-- Provided data follows --
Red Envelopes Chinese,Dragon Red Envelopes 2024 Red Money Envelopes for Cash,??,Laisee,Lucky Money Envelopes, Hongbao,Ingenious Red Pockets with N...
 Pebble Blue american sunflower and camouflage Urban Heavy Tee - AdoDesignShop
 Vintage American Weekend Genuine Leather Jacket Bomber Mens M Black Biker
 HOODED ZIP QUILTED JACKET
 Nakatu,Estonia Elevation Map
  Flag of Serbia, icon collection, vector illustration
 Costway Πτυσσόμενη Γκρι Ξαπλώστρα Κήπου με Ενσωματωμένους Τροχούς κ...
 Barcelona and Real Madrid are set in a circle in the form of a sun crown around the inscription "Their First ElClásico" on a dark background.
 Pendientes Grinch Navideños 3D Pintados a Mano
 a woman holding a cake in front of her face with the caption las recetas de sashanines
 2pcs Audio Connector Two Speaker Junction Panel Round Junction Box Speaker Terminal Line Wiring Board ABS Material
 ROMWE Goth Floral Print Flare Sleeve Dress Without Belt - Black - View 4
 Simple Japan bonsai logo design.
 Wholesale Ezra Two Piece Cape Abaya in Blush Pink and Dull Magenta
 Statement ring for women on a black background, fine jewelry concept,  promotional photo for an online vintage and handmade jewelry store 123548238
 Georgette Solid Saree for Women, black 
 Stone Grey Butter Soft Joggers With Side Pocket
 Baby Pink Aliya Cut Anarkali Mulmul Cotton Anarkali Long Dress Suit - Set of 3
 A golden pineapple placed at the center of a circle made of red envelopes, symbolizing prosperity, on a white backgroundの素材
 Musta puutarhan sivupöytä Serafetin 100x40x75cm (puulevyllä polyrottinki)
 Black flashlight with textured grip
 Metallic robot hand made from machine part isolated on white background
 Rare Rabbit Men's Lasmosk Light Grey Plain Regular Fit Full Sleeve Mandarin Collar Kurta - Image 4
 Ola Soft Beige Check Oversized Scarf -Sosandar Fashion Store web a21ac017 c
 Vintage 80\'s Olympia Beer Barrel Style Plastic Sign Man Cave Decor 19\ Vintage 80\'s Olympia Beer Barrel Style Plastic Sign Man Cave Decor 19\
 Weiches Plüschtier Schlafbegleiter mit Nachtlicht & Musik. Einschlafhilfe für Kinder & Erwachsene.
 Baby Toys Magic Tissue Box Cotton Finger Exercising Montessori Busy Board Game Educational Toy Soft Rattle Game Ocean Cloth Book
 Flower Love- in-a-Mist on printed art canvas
-- Provided data concluded --
### What the exercise asks
Set down, unchanged, only those lines above that fall between the line with "Nakatu,Estonia Elevation Map" and the line with "Barcelona and Real", the two end lines included.

### Output of the exercise
 Nakatu,Estonia Elevation Map
  Flag of Serbia, icon collection, vector illustration
 Costway Πτυσσόμενη Γκρι Ξαπλώστρα Κήπου με Ενσωματωμένους Τροχούς κ...
 Barcelona and Real Madrid are set in a circle in the form of a sun crown around the inscription "Their First ElClásico" on a dark background.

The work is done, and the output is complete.